### [How to complete this task]
Return every record below exactly.

### [Materials provided]
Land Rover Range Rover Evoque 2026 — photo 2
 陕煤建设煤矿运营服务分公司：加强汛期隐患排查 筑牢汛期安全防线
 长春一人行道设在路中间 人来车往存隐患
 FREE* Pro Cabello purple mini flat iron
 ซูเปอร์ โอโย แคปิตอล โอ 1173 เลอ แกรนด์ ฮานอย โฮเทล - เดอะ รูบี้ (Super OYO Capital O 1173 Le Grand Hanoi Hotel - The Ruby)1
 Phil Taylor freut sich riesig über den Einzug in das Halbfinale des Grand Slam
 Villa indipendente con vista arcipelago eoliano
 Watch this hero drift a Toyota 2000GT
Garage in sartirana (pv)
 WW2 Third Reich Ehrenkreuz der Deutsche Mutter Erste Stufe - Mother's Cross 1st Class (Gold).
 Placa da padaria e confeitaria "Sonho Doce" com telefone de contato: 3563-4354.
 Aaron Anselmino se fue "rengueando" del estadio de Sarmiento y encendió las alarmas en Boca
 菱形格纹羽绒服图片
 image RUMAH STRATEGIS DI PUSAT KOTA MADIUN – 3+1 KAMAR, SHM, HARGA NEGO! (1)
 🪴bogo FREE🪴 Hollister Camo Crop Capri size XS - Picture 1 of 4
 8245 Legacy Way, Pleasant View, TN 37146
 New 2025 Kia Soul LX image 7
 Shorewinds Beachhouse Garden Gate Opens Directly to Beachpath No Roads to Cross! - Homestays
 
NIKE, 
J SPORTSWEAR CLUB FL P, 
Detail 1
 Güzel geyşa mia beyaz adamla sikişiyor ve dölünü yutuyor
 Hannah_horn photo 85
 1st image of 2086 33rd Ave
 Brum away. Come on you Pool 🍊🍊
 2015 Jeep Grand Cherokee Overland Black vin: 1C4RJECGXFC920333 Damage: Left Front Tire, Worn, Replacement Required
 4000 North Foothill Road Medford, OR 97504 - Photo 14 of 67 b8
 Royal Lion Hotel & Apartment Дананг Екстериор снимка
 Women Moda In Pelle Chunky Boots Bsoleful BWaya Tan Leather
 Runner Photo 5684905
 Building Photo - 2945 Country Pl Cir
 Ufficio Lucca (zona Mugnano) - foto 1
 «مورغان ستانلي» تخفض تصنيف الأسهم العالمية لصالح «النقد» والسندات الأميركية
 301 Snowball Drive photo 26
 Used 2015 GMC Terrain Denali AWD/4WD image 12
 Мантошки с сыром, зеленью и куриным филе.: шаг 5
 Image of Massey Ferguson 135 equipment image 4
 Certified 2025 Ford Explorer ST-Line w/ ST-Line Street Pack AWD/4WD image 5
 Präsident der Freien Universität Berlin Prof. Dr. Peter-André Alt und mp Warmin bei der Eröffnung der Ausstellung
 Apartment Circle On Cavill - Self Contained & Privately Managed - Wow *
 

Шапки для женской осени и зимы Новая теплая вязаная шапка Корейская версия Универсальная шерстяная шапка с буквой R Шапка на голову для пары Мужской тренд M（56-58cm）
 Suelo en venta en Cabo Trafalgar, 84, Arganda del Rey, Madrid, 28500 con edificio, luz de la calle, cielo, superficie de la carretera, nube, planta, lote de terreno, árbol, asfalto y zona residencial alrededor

### [Task answer]
Land Rover Range Rover Evoque 2026 — photo 2
 陕煤建设煤矿运营服务分公司：加强汛期隐患排查 筑牢汛期安全防线
 长春一人行道设在路中间 人来车往存隐患
 FREE* Pro Cabello purple mini flat iron
 ซูเปอร์ โอโย แคปิตอล โอ 1173 เลอ แกรนด์ ฮานอย โฮเทล - เดอะ รูบี้ (Super OYO Capital O 1173 Le Grand Hanoi Hotel - The Ruby)1
 Phil Taylor freut sich riesig über den Einzug in das Halbfinale des Grand Slam
 Villa indipendente con vista arcipelago eoliano
 Watch this hero drift a Toyota 2000GT
Garage in sartirana (pv)
 WW2 Third Reich Ehrenkreuz der Deutsche Mutter Erste Stufe - Mother's Cross 1st Class (Gold).
 Placa da padaria e confeitaria "Sonho Doce" com telefone de contato: 3563-4354.
 Aaron Anselmino se fue "rengueando" del estadio de Sarmiento y encendió las alarmas en Boca
 菱形格纹羽绒服图片
 image RUMAH STRATEGIS DI PUSAT KOTA MADIUN – 3+1 KAMAR, SHM, HARGA NEGO! (1)
 🪴bogo FREE🪴 Hollister Camo Crop Capri size XS - Picture 1 of 4
 8245 Legacy Way, Pleasant View, TN 37146
 New 2025 Kia Soul LX image 7
 Shorewinds Beachhouse Garden Gate Opens Directly to Beachpath No Roads to Cross! - Homestays
 
NIKE, 
J SPORTSWEAR CLUB FL P, 
Detail 1
 Güzel geyşa mia beyaz adamla sikişiyor ve dölünü yutuyor
 Hannah_horn photo 85
 1st image of 2086 33rd Ave
 Brum away. Come on you Pool 🍊🍊
 2015 Jeep Grand Cherokee Overland Black vin: 1C4RJECGXFC920333 Damage: Left Front Tire, Worn, Replacement Required
 4000 North Foothill Road Medford, OR 97504 - Photo 14 of 67 b8
 Royal Lion Hotel & Apartment Дананг Екстериор снимка
 Women Moda In Pelle Chunky Boots Bsoleful BWaya Tan Leather
 Runner Photo 5684905
 Building Photo - 2945 Country Pl Cir
 Ufficio Lucca (zona Mugnano) - foto 1
 «مورغان ستانلي» تخفض تصنيف الأسهم العالمية لصالح «النقد» والسندات الأميركية
 301 Snowball Drive photo 26
 Used 2015 GMC Terrain Denali AWD/4WD image 12
 Мантошки с сыром, зеленью и куриным филе.: шаг 5
 Image of Massey Ferguson 135 equipment image 4
 Certified 2025 Ford Explorer ST-Line w/ ST-Line Street Pack AWD/4WD image 5
 Präsident der Freien Universität Berlin Prof. Dr. Peter-André Alt und mp Warmin bei der Eröffnung der Ausstellung
 Apartment Circle On Cavill - Self Contained & Privately Managed - Wow *
 

Шапки для женской осени и зимы Новая теплая вязаная шапка Корейская версия Универсальная шерстяная шапка с буквой R Шапка на голову для пары Мужской тренд M（56-58cm）
 Suelo en venta en Cabo Trafalgar, 84, Arganda del Rey, Madrid, 28500 con edificio, luz de la calle, cielo, superficie de la carretera, nube, planta, lote de terreno, árbol, asfalto y zona residencial alrededor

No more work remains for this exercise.